Hey, gang! Hope those of you who celebrated turkey and togetherness last week did so in grand fashion. It's time to for another Insecure Writer's Support Group post (IWSG).
What is IWSG? Besides being a collection of awesome people, it's THE support network for writers. We offer each other encouragement and commiseration on the first Wednesday of each month. Click the pic below for more details and to learn how to join.
A cup of devilishly unusual tea in a strange café I'll never set foot in again…
Sometimes writing a story is all of those things to me. It's like a pair of expensive shoes so impractical I'll only be able to wear them once, with a specific shirt, and then put them back in the box forever.
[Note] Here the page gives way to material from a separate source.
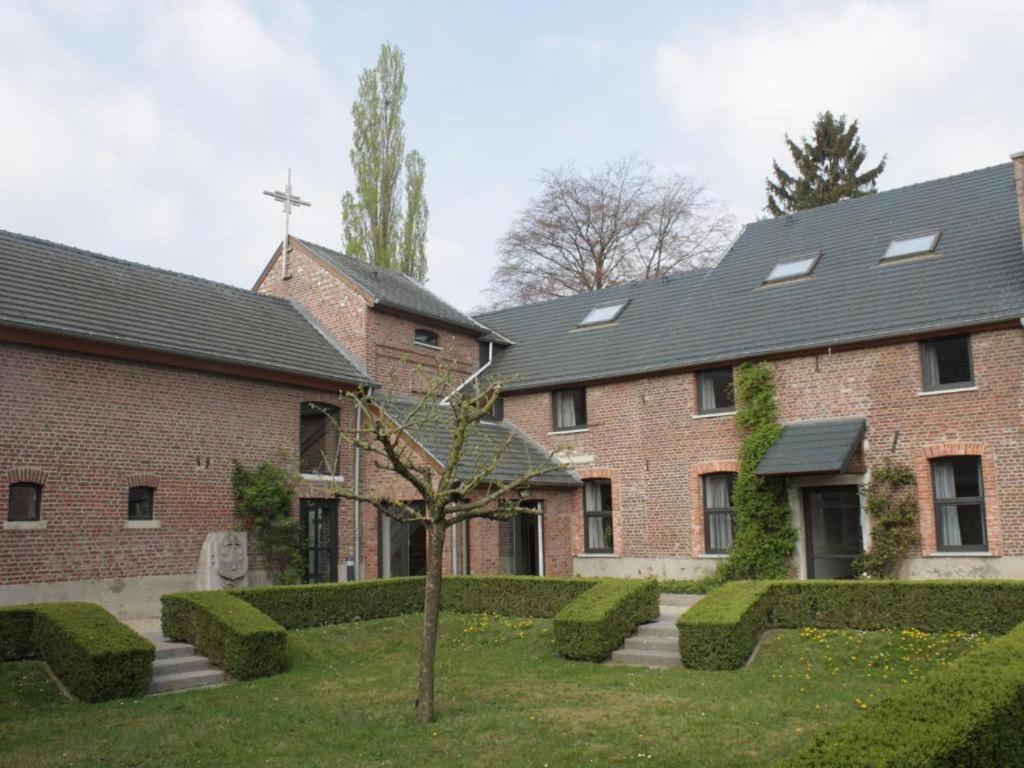 Hotel Het Bloesemklooster Relais Sint-Truiden Esterno foto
It's one night spent in the company of a beautiful stranger, no names or phone numbers exchanged.
I firmly believe writing CAN be a casual affair. Thing is, it took me a while to work up to being able to accept that.
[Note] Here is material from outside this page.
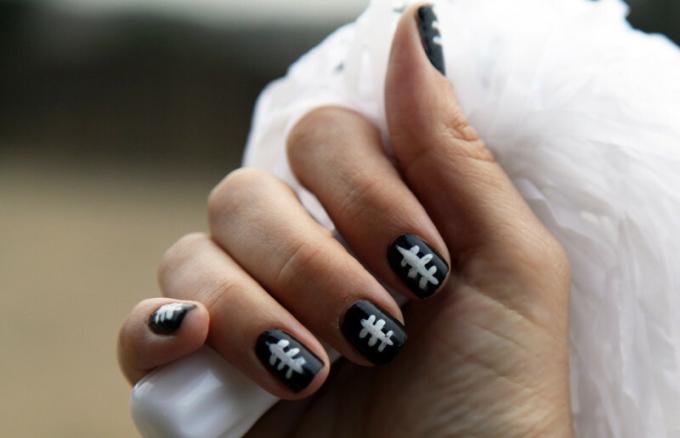 DIY Football Nail Art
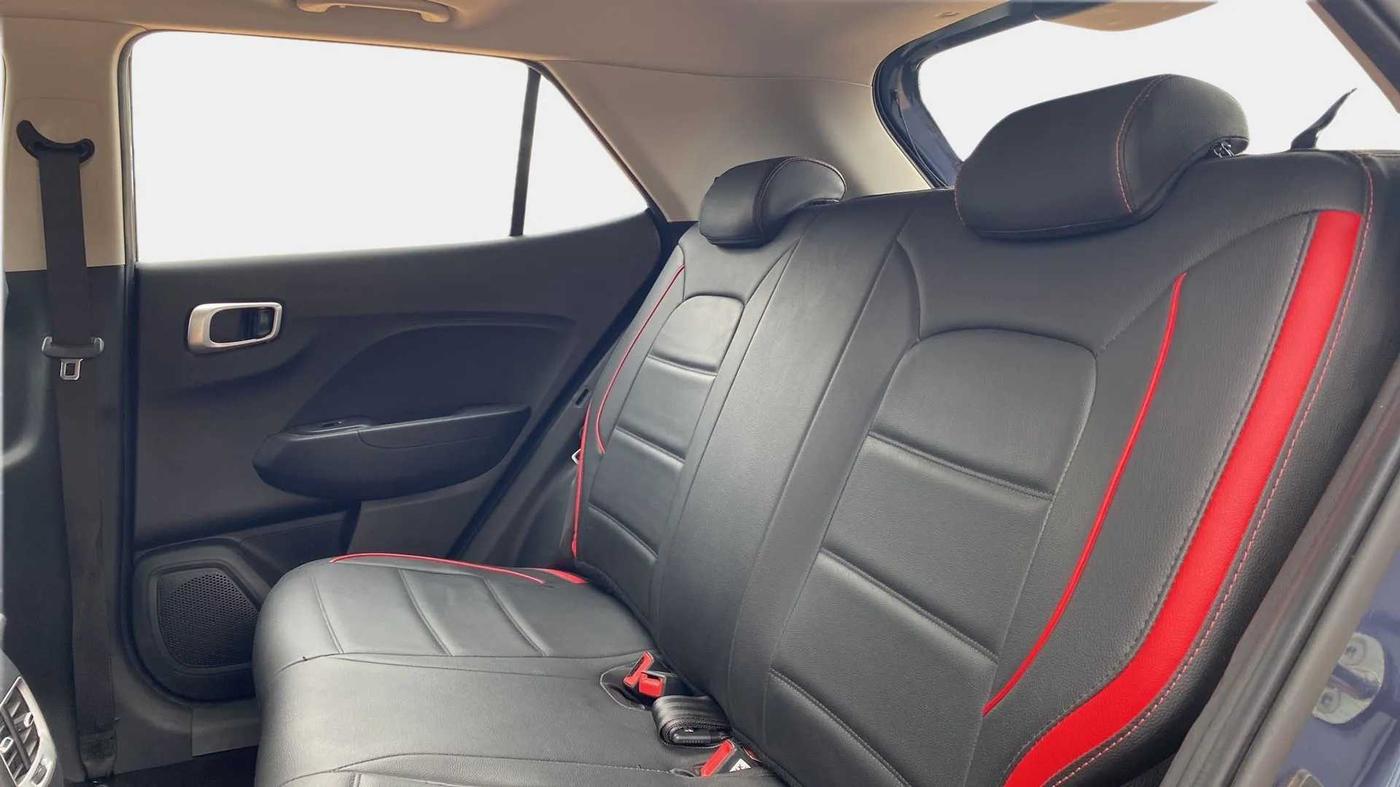 2022 Hyundai VENUE SX 1.0 TURBO IMT, Petrol, Manual, 27,838 km, Right Side Rear Door Cabin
See, I've been something of a serial monogamist when it comes to my writing. For the most part, I'm a Plain Jane, stick-in-the-mud, write-what-I-love kind of writer.
I like fantasy. The impossible excites me. Thinking about dark things that shouldn't exist frightens me--in a terribly good way. The story is a-rocking when fantastical things come a-knocking so to speak.
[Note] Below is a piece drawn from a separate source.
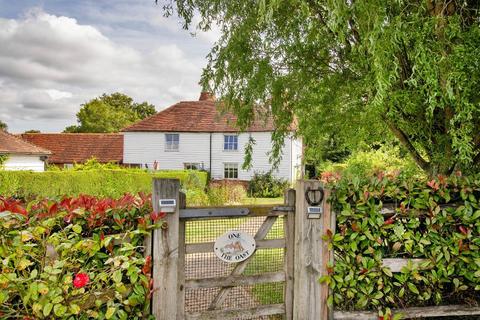 4 bedroom semi-detached house for sale, Gate Court Farm, Station Road, Northiam, E Sussex, TN31 6QT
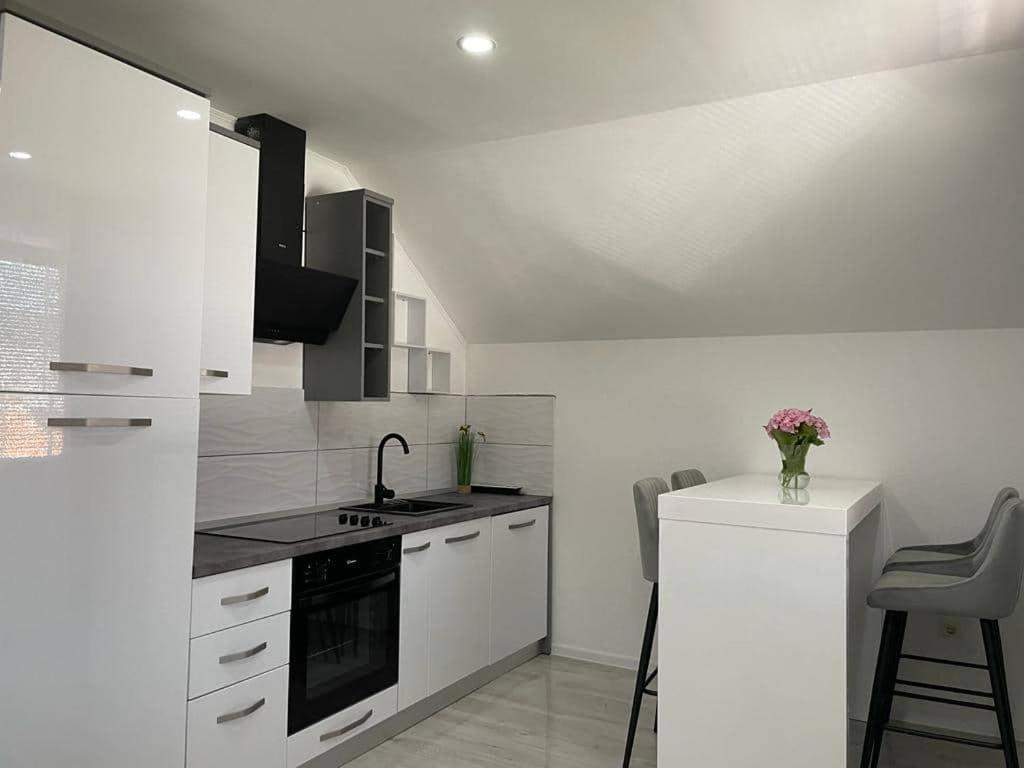 Apartman Pavenka Otočac Zewnętrze zdjęcie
I like feisty characters who crack the quip-whip with reckless abandon. (Don't stand too close! She'll snap you!) Bold is usually the first--and main--ingredient in my protagonist soup.
So what happens when I start writing a contemporary story with a main character who is more contemplative than combative? A story where I can't toss in an explosion or fangs when things start to drag?
*breathes heavily into paper sack*
I get a little nervous. The itchy, twitchy shakes set in. If I'm being completely honest, it feels a little like I'm stepping out on my main gal. No, it goes deeper than that. At times it feels more like I'm betraying my very writing nature.
But it's damned fun! Like a kid playing dress up, I get to be something I'm not. I get to be a writer of "serious fiction" (well, not SO serious--War And Peace this is not). In that way it is fantasy I suppose.
Perhaps the most important aspect of playing in the shadows of my comfort zone is that it has forced me to grow as a writer. Nothing about writing this contemporary story has come easily for me. There's no writing from the cuff. It's a blissful struggle most days.
And like all meaningful workouts, it sometimes leaves me sore and questioning if I'm fit enough to pull it off. Then I'll re-read a few pages.
I'll see that I'm letting characters express themselves in ways I've never done before. A good scene will jump out, and I'll think, "I could never have done this in fantasy!"
I'll find a few nuggets of sparkling brilliance in a mine full of dark rocks. My confidence spikes (a little LOL) and I get back to digging, because I know I might just hit the mother load if I keep at it.
Will I consider myself a master of contemporary fiction when I'm done? Will anyone else? Not likely. But I will have had one heck of a good time doing it. Who knows, maybe I'll even try another one.
What about you? Have you written anything outside of your usual genre or category lately? How did it turn out? Would you do it again?